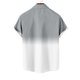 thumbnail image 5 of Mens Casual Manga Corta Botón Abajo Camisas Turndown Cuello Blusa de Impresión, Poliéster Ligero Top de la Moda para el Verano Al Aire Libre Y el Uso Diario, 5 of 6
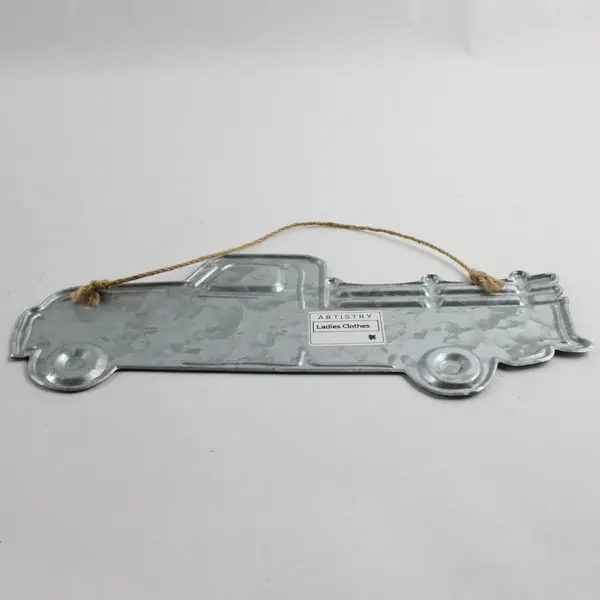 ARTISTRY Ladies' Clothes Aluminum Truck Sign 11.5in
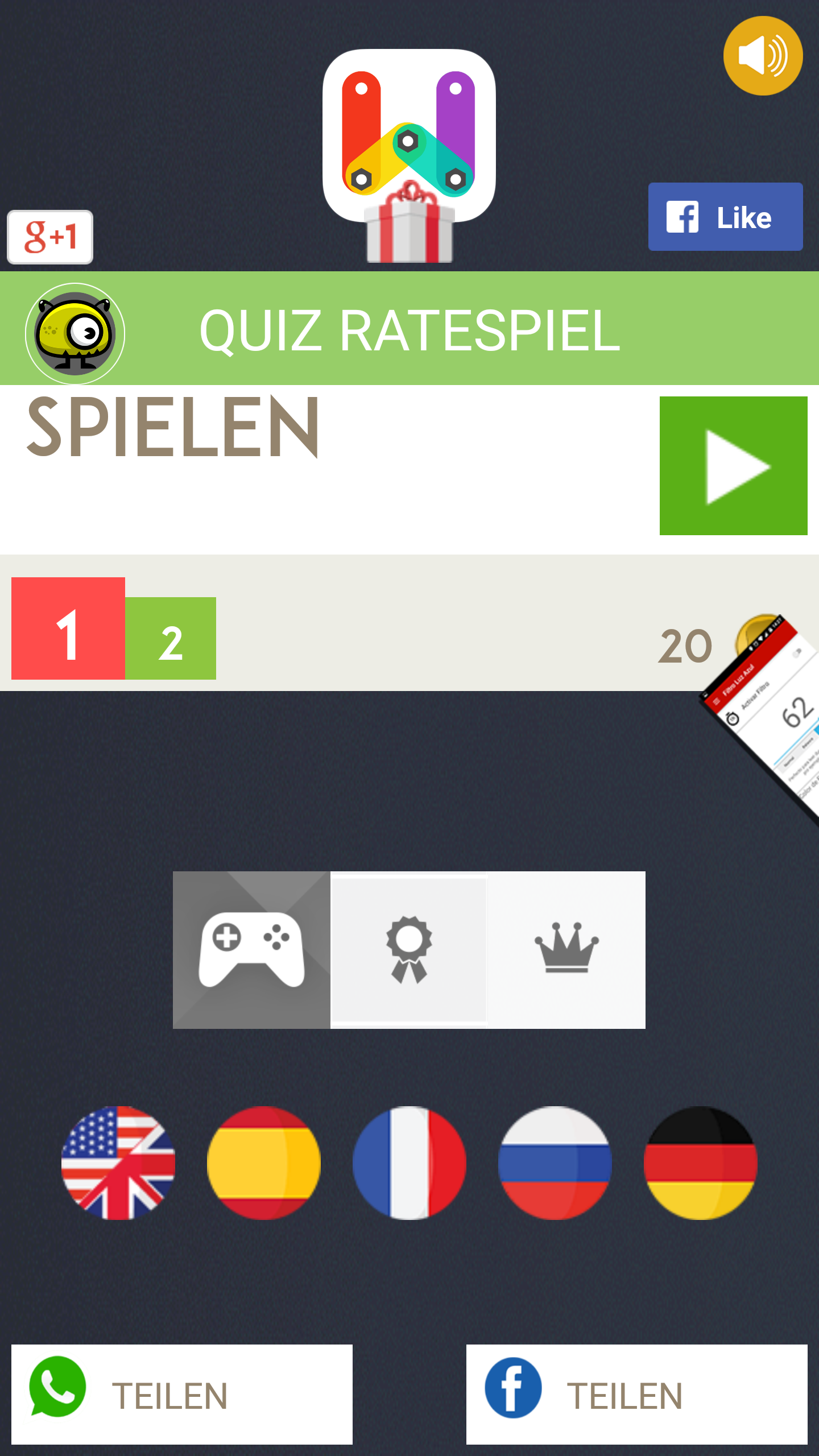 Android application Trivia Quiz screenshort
----------
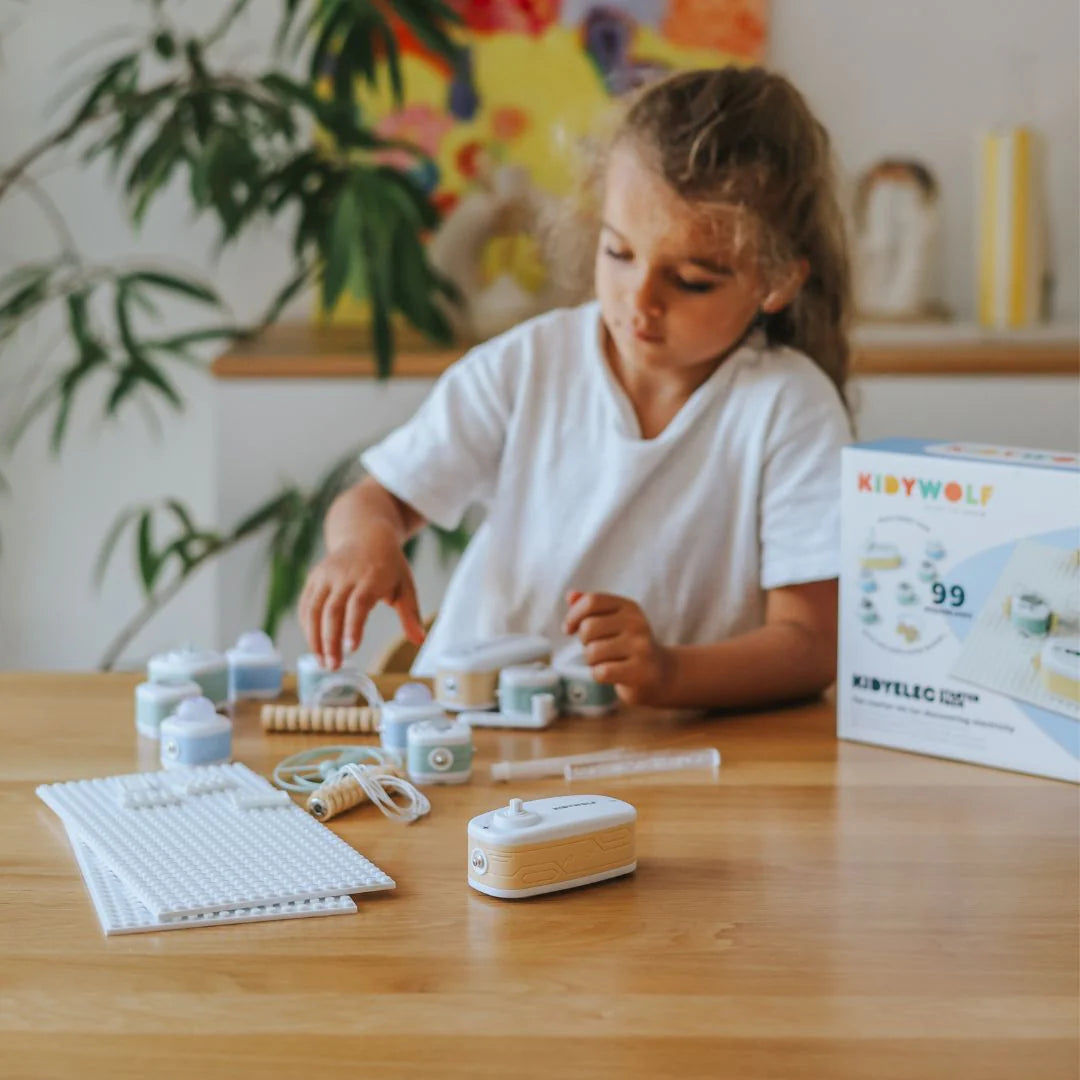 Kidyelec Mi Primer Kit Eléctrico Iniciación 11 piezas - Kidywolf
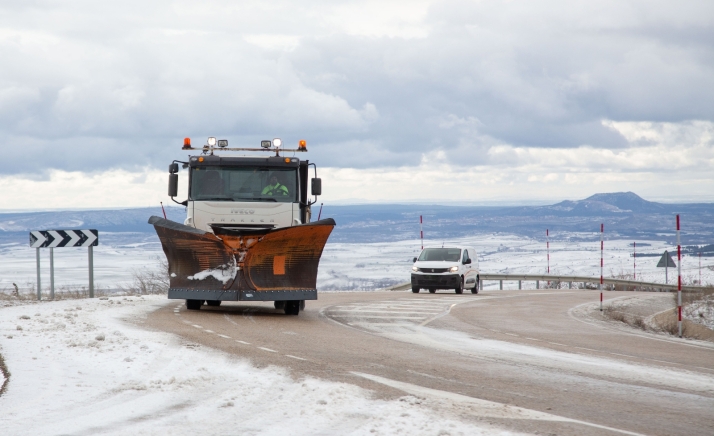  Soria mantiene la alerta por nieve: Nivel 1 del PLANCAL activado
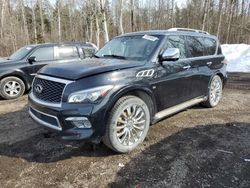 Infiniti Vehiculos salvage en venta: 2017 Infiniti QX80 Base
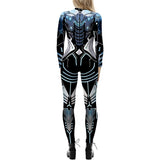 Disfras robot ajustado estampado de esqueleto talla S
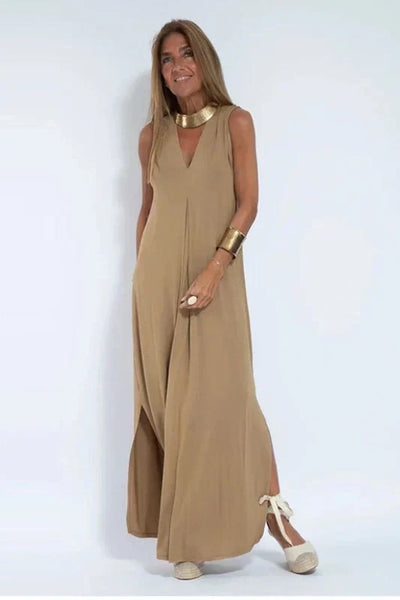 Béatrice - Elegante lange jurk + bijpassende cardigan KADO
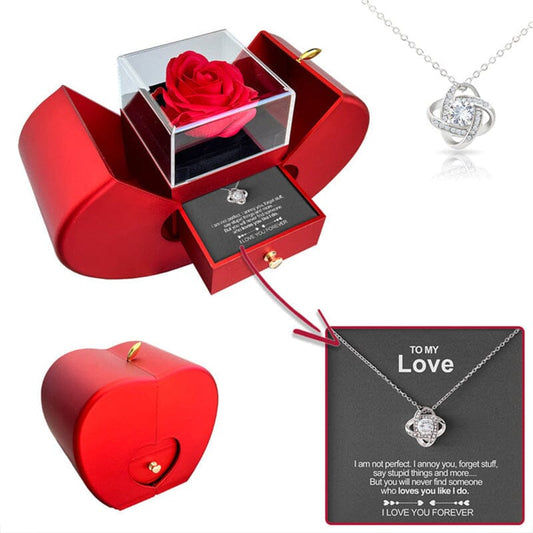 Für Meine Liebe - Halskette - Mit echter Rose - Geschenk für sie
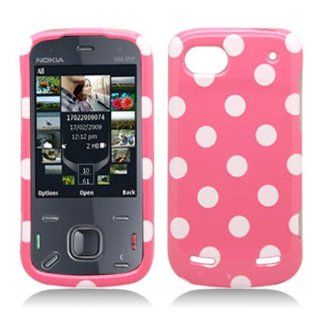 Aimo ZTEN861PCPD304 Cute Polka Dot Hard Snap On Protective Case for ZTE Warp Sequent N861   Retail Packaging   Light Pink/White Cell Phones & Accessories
----------
Please output the lines above beginning at the line with "Disfras robot ajustado" and ending after the line with "Aimo ZTEN861PCPD304 Cute", precisely as written and with no pictures.

* _Result_:
 Disfras robot ajustado estampado de esqueleto talla S
 Béatrice - Elegante lange jurk + bijpassende cardigan KADO
 Für Meine Liebe - Halskette - Mit echter Rose - Geschenk für sie
 Aimo ZTEN861PCPD304 Cute Polka Dot Hard Snap On Protective Case for ZTE Warp Sequent N861   Retail Packaging   Light Pink/White Cell Phones & Accessories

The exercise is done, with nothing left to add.